WORK REQUEST ▸ In the entries below, find the line with "Vince‎ Camuto Black" and the line with "13390 Spring Valley". Repeat exactly everything between them, those two lines included, but not the pictures.

INFORMATION ▸
____

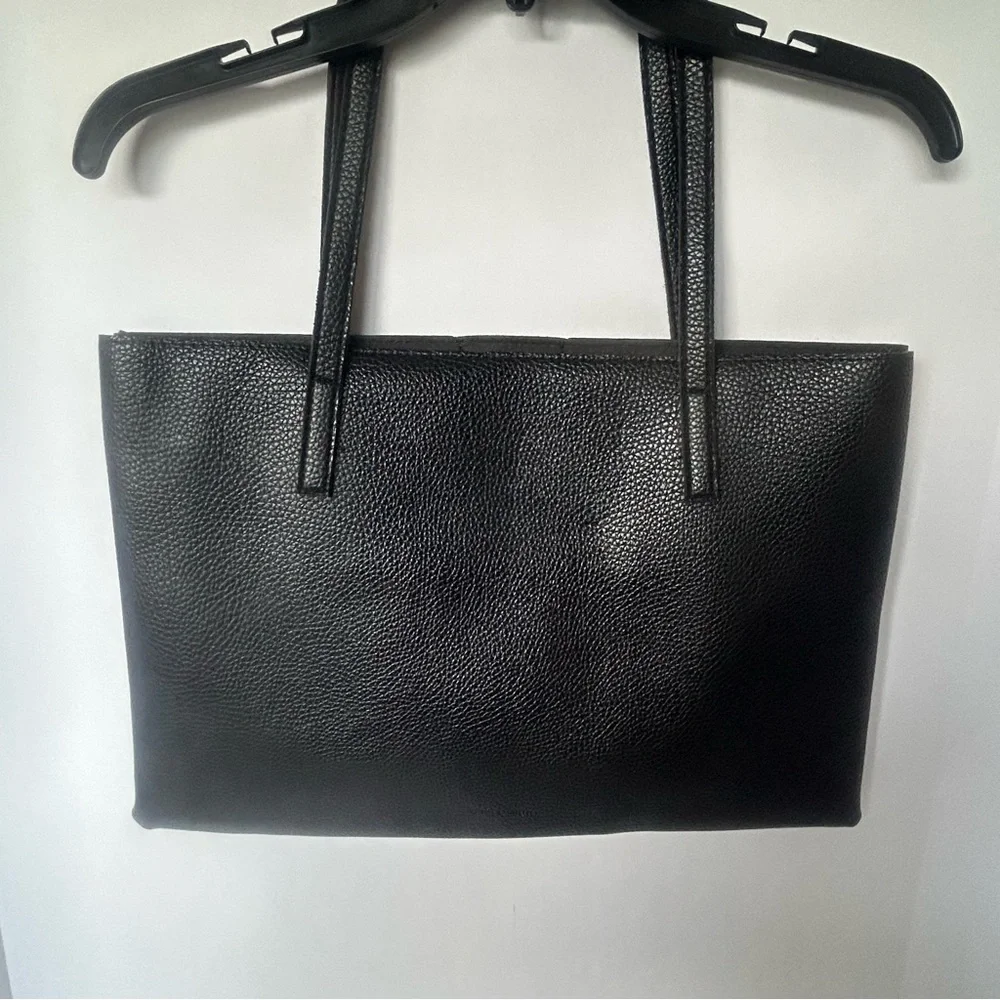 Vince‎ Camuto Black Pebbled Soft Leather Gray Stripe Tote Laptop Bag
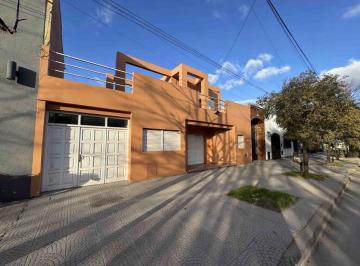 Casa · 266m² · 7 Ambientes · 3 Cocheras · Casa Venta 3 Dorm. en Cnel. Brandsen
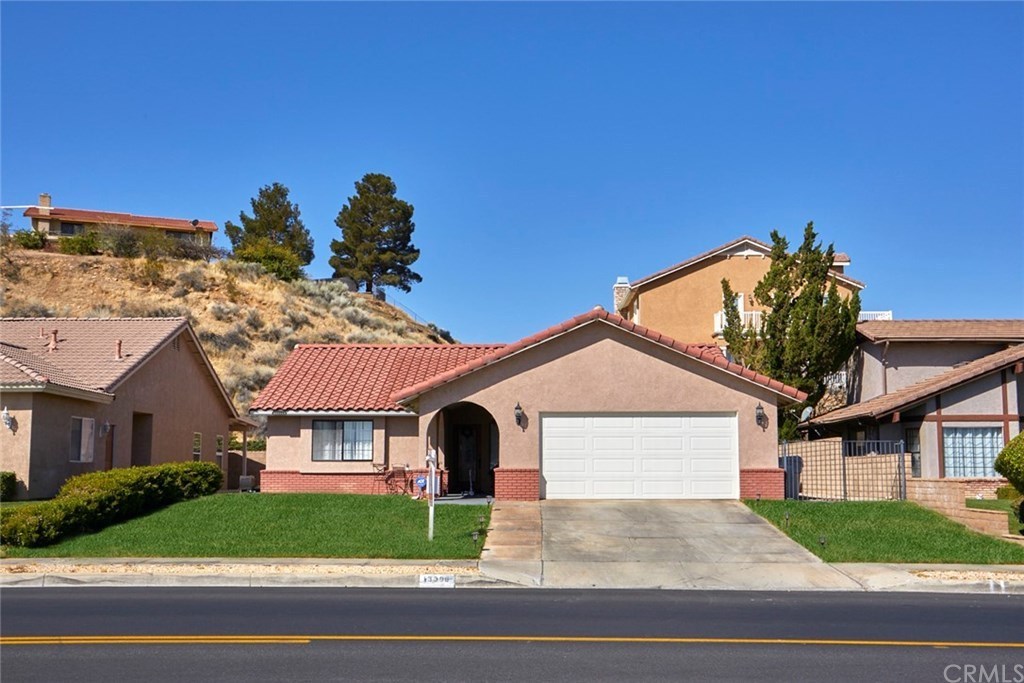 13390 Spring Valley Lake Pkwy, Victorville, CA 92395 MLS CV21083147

____

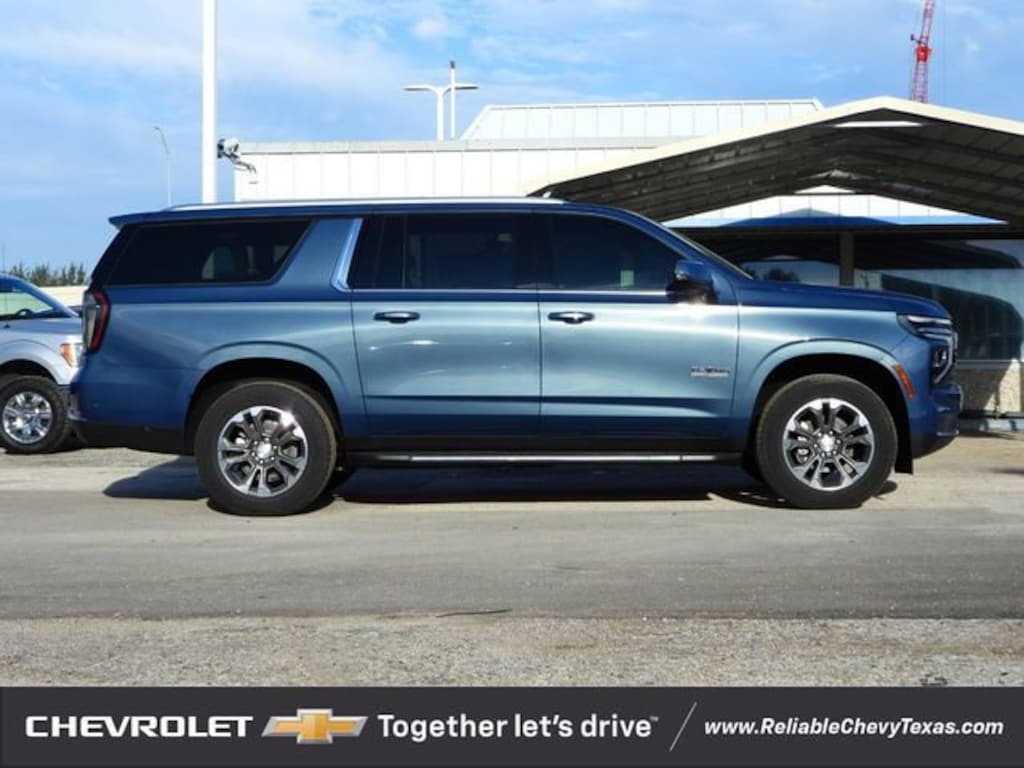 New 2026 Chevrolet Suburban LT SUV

____

TASK SOLUTION ▸
 Vince‎ Camuto Black Pebbled Soft Leather Gray Stripe Tote Laptop Bag
 Casa · 266m² · 7 Ambientes · 3 Cocheras · Casa Venta 3 Dorm. en Cnel. Brandsen
 13390 Spring Valley Lake Pkwy, Victorville, CA 92395 MLS CV21083147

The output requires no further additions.